Defensoria Pública realiza sessões concentradas de mediação do Meu Pai Tem Nome neste sábado

A Defensoria Pública do Estado de Goiás (DPE-GO) realiza sessões concentradas de mediação/conciliação do projeto Meu Pai Tem Nome, neste sábado (19/10). Setenta e seis famílias devem participar do evento, que será realizado das 9 às 17 horas, na sede da DPE-GO, primeiro andar, no Setor Marista, em Goiânia. Dos 76 casos a serem atendidos, 22 tiveram a realização de exame de DNA, proporcionado via parceria com a Organização das Voluntárias de Goiás (OVG). O objetivo é garantir o reconhecimento de paternidade/filiação, seja biológica, afetiva ou por adoção.

“O êxito nas mediações permitirá, desde logo, o encaminhamento do ato de reconhecimento para averbação no registro civil, de forma extrajudicial.
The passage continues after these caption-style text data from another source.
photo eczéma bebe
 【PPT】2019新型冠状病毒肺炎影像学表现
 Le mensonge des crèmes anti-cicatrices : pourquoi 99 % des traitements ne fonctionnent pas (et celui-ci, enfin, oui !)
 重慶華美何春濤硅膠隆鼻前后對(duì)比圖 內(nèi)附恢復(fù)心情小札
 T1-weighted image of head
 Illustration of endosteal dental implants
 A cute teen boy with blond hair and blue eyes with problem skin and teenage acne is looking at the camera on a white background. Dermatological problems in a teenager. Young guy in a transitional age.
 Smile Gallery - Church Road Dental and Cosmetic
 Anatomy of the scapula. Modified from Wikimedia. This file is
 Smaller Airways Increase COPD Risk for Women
Em alguns casos, haverá necessidade de homologação judicial, mas com o caso já mediado pela própria Defensoria Pública, o que permitirá brevidade máxima ao processo. Não havendo mediação, a Defensoria Pública representará o assistido em vulnerabilidade social/econômica na demanda judicial contenciosa”, explica o primeiro subdefensor público-geral de Goiás, Tiago Gregório.

Antes da realização dessas sessões de mediação, mediante agendamento, a Defensoria Pública realizou o atendimento individual de cada caso, fazendo o mapeamento das demandas e o contato com a outra parte (quando necessário). Ao identificar a necessidade do exame de DNA, os assistidos foram encaminhados ao laboratório para a coleta de material. Neste sábado serão entregues os resultados de DNA. Havendo o acordo entre as partes, a DPE-GO encaminhará extrajudicialmente o ato de reconhecimento para averbação do registro civil. Não havendo acordo entre as partes, a Defensoria Pública ingressará com ação judicial representando esses assistidos.

Entre as demandas identificadas estão as de reconhecimento de paternidade biológica pós-morte, paternidade afetiva, incluindo multiparentalidade (padrinhos que incluirão o seu nome como pais afetivos, por exemplo, sem excluir os pais biológicos), e até mesmo de criança recém-nascida que aguarda a formalização do reconhecimento paterno para ser registrada. Em outros três casos a Defensoria Pública se deslocou a unidades prisionais para o atendimento de pais que estão em situação de encarceramento.

A campanha é resultado de do Acordo de Cooperação assinado entre a Defensoria Pública e a OVG em abril de 2019. Quando for necessário e ou vínculo genético for duvidoso, o exame será realizado como instrumento para facilitar as mediações, permitindo o reconhecimento espontâneo e imediato de paternidade e responsabilidade delas decorrentes.

O projeto está sendo desenvolvido em conjunto pela Primeira Subdefensoria Pública do Estado de Goiás, Núcleo de Defensorias Especializadas de Infância e Juventude da Capital, Núcleo de Defensorias Especializadas Processuais de Famílias e Sucessões da Capital, Núcleo de Defensorias Especializadas de Atendimento Inicial e Núcleo de Defensorias Públicas de Aparecida de Goiânia.